Using a human rights conference to save our children

Next month Samoa will host an international conference on the United Nations Convention on the Rights of the Child, and will become the first state to host a United Nations Human Rights Treaty Bodies session outside of Geneva.

A lot has been said in recent days about the cost of Samoa hosting such a conference and how much the country’s taxpayers get to foot.

Responding to questions posed by the Samoa Observer, the Ministry of Justice and Courts Administration C.E.O., Moliei Simi Vaai revealed that the overall cost is $1 million with Samoa as host only paying $300,000 as its contribution to the overall expenses.

Most of the cost will be born by the U.N. and the Regional Rights Resource Team of the Pacific Community. 

“[An allotment of $300,000] is our contribution to the meeting as host country,” said Mrs Vaai.

The decision by the C.E.O. to take time to respond to our reporters’ queries on cost, and what the conference’s agenda and outcomes should mean for ordinary Samoans, is commendable. 

But like her, we are also keen on the ‘big picture’ stuff in terms of the conference’s objectives and outcomes, and what it will translate to for ordinary Samoans when it comes to talking about human rights.

Thankfully, Mrs Vaai highlighted some of the issues that are on the radar, in terms of human rights from the local context.

“For the children of the Pacific, this is so vital in the local context of children’s access to health, protection and a healthy living environment, to being educated, to have protection from domestic violence and sexual violation to name a few,” she said, in a statement to your newspaper. 

“These are growing issues locally as highlighted by the measles outbreak and the growing rate of sexual abuse and offending on young people in the community and in the Pacific. We all want our children to feel safe and protected in our families and community.“ 

Having covered the journey that Samoa has taken as a nation over the last 42 years, your newspaper has devoted thousands of pages over the years to human rights issues, including abuse that is reported, the crimes that are prosecuted (successfully and unsuccessfully), and the heart breaking stories of both the survivors or families who lost loved ones to crimes perpetrated against them. 

If there is a crime in the last 12 months – which has gained notoriety for its savagery due to the  perpetrator’s lack of respect for basic forms of human rights – it has to be the cases of family members such as fathers, step-fathers or even grandfathers and uncles sexually abusing their daughters, granddaughters or nieces in the sanctity of their homes. 

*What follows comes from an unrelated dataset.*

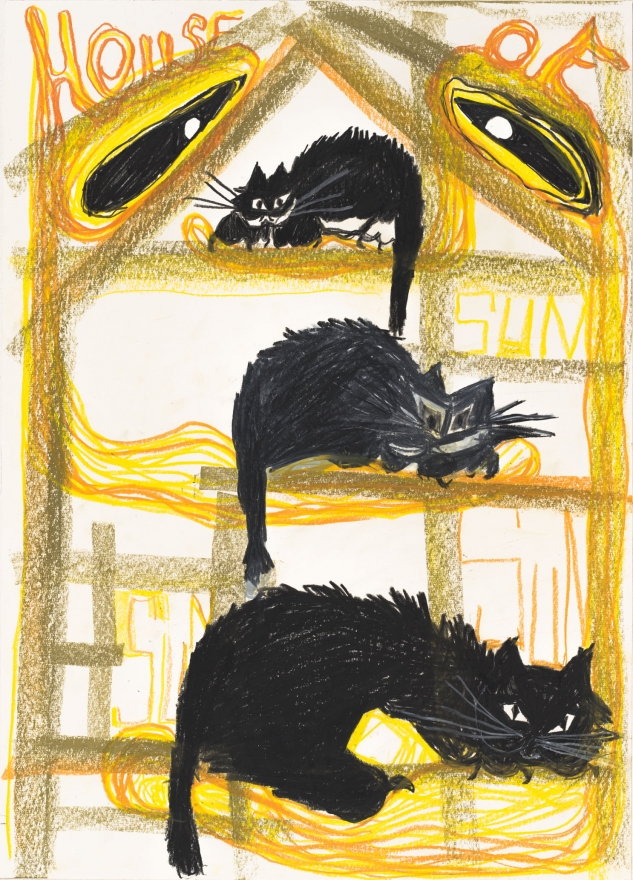 Bendix Harms, House of Sun Sun, 2020. Wax crayon on paper, 27 1/2 x 19 3/4 in, 70 x 50 cm (BHA20.018)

The increasing incidences of sexual abuse targeting our children which come to the attention of the Police and ultimately the Courts is a major cause for concern. 

We believe the $300,000 would be money well spent, if the United Nations Human Rights Treaty Bodies session in Apia next month, can lead to the spotlight being put on sexual abuse and other crimes perpetrated against our children in Samoa.

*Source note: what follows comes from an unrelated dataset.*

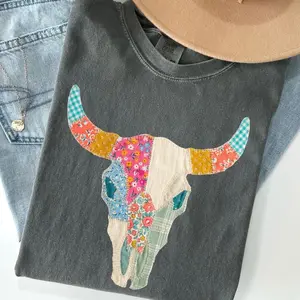 patchwork bull skull clear film screen print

While we acknowledge that the Pacific neighbouring states of Cook Islands, Federated States of Micronesia, Tuvalu and Kiribati are due to appear before the Committee on the Rights of the Child to give their progress reports when it convenes next month, this should not stop Samoa from giving a progress report on the work it has done to date to address this scourge.

The efforts of the Government over the last two years to address human rights challenges in Samoa deserves a mention, and we are cognizant of the work of the Office of the Ombudsman/National Human Rights Institution and its release of its 51-page National Inquiry Report into Family Violence in September 2018.

But from where we stand, the incidences of sexual violence targeting women and children does not appear to be dissipating, and this calls for urgency on the part of the Samoa Government to revisit the Inquiry Report and start implementing its recommendations for the benefit of all citizens.

The inquiry’s findings were comprehensive and are an indictment of the failure by the authorities to address the issue over the years. 

Now we have a report compiled over a two-year period by an organisation, which is charged with the responsibility to promote and protect human rights in Samoa. Let us not be afraid and embrace the opportunity to bring change to save our children.

Have a wonderful Monday Samoa and God bless.